In yet another disappointing development for the war-torn nation's citizens, suffering persistent power cuts and a lack of reconstruction, election winner Iyad Allawi demanded an apology from Prime Minister Nouri al-Maliki.

A spokeswoman for Iraqiya, Maysoon al-Damluji, said the bloc stopped negotiations with Maliki's State of Law after he described Allawi's group as Sunni, rather than cross-sectarian in a television interview to be broadcast on Monday.

"We demand that he apologizes, not to Iraqiya but to the supporters of Iraqiya who voted for a national project and not a sectarian one," Damluji said.

Intisar Allawi, a senior Iraqiya official, said more than 26 of its 91 elected lawmakers were Shiite, as was Iyad Allawi himself.

"So why does he call us a Sunni bloc?
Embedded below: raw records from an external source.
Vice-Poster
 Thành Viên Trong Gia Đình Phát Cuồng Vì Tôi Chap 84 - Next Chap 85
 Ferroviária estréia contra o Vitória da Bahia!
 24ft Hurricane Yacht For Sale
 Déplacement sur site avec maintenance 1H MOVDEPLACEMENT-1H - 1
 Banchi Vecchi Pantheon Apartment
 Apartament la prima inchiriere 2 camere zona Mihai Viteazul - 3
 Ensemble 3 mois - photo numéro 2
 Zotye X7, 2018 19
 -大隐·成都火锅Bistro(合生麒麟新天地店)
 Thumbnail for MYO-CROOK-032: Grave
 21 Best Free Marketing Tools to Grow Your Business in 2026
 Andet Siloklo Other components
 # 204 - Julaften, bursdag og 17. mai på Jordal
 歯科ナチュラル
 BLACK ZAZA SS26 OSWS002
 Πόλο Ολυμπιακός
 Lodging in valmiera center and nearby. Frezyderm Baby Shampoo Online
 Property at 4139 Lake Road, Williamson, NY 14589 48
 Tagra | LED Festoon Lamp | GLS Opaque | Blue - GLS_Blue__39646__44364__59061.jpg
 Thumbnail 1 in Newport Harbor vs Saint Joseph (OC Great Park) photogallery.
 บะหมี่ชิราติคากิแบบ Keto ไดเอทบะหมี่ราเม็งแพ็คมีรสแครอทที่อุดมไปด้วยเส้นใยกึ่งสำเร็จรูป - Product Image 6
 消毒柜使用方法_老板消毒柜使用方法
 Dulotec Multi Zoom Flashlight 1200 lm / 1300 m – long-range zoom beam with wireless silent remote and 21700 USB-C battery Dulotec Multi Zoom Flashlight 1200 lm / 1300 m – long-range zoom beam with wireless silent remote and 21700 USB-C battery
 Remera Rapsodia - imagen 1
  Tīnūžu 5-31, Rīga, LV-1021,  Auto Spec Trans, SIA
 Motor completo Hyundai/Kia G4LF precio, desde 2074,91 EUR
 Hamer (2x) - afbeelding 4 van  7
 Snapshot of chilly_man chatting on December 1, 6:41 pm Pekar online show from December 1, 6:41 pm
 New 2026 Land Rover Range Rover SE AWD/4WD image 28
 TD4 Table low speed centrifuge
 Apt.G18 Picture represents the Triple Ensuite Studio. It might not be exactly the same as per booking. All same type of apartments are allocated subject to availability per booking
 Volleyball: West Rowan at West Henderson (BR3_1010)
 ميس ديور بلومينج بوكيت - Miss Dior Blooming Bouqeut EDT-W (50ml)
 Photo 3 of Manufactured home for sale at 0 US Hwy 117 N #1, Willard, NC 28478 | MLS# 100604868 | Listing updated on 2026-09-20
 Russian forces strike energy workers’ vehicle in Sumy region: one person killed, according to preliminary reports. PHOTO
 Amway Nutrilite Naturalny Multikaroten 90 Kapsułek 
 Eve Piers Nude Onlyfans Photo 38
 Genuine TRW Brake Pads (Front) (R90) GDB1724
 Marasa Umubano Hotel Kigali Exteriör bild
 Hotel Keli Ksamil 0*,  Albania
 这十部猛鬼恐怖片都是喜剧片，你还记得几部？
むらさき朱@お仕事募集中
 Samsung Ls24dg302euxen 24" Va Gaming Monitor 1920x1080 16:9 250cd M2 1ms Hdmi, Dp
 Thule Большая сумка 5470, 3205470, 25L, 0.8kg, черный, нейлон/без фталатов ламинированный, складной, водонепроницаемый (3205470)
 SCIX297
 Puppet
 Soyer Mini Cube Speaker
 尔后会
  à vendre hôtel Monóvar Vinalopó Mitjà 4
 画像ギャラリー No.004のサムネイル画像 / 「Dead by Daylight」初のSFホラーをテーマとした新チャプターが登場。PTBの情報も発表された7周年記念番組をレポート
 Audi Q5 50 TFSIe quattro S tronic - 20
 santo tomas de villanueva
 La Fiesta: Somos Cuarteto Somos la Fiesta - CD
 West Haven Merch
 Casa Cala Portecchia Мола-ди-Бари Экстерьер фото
This is an insult," she said.

However, Allawi's party left the door open for a return to talks. "We have asked him to apologize. Without an apology, we are not going to negotiate with him anymore," she said.

While Allawi is a Shiite, like Maliki and the majority of Iraq's population, his bloc claimed most of its electoral support from the predominantly Sunni regions of western and northern Iraq.

While neither won the majority in the March 7 election needed to govern, Maliki's State of Law won two seats fewer than Iraqiya in the 325-seat parliament. Iraqiya won broad backing from Sunnis who saw Allawi as a secular strongman willing to defend their cause and to stand up against Shiite power Iran.